Literature references
Ecological application of NIRS:
Cunningham, S.A., Floyd, R.B., 2004. Leaf compositional differences predict variation in Hypsipyla robusta damage to Toona ciliata in field trials. Canadian Journal of Forest Research-Revue Canadienne De Recherche Forestiere 34: 642-648.
Foley WJ, McIlwee AP, Lawler IR, Aragones L, Woolnough AP and Berding N (1998). Ecological applications of near-infrared spectroscopy – a tool for rapid, cost-effective prediction of the composition of plant and animal tissues and aspects of animal performance. Oecologia 116: 293-305.
Wallis, I.R., Foley, W.J., 2003. Independent validation of near-infrared reflectance spectroscopy as an estimator of potential food intake of Eucalyptus foliage for folivorous marsupials. Aust. J. Zool. 51: 1-4.
Givens DI, De Boever JL and Deaville ER (1997). The principles, practices and some future applications of near-infrared spectroscopy for predicting the nutritive value of foods for animals and humans. Nutrition Research Reports 10: 83-114.
On statistical procedures associated with measuring chemical composition using NIRS:
Anon (1995). Standard practices for infrared multivariate quantitative analysis (designation E1655-94). American Society for Testing and Materials, Washington DC
Shenk JS and Westerhaus MO (1991a). Population structuring of near-infrared spectra and modified partial least-squares regression. Crop Science 31: 1548-1555.
Shenk JS and Westerhaus MO (1991b).

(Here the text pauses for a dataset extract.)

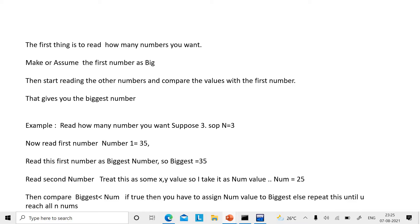You start reading the other numbers. Whenever you read another number, you compare it with the current biggest number. If the other number is greater than the biggest, you make the biggest equal to that other number. You keep doing this until you have gone through all N numbers. At the end, you print what the biggest number is — that's the algorithm.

New standardization and calibration procedures for NIRS analytical systems. Crop Science 31: 1694-1696.
Shenk JS and Westerhaus MO (1993). Analysis of agriculture and food products by near-infrared reflectance spectroscopy. Infrasoft International, Port Matilda.
Additional:
AOAC – Association of Official Agricultural Chemists (The AOAC publishes a journal on official methods of chemical analysis)
Health, safety & hazardous waste disposal considerations
There are no special safety concerns with NIRS. However, like many activities involving sample manipulation one should be aware of the dangers of dust.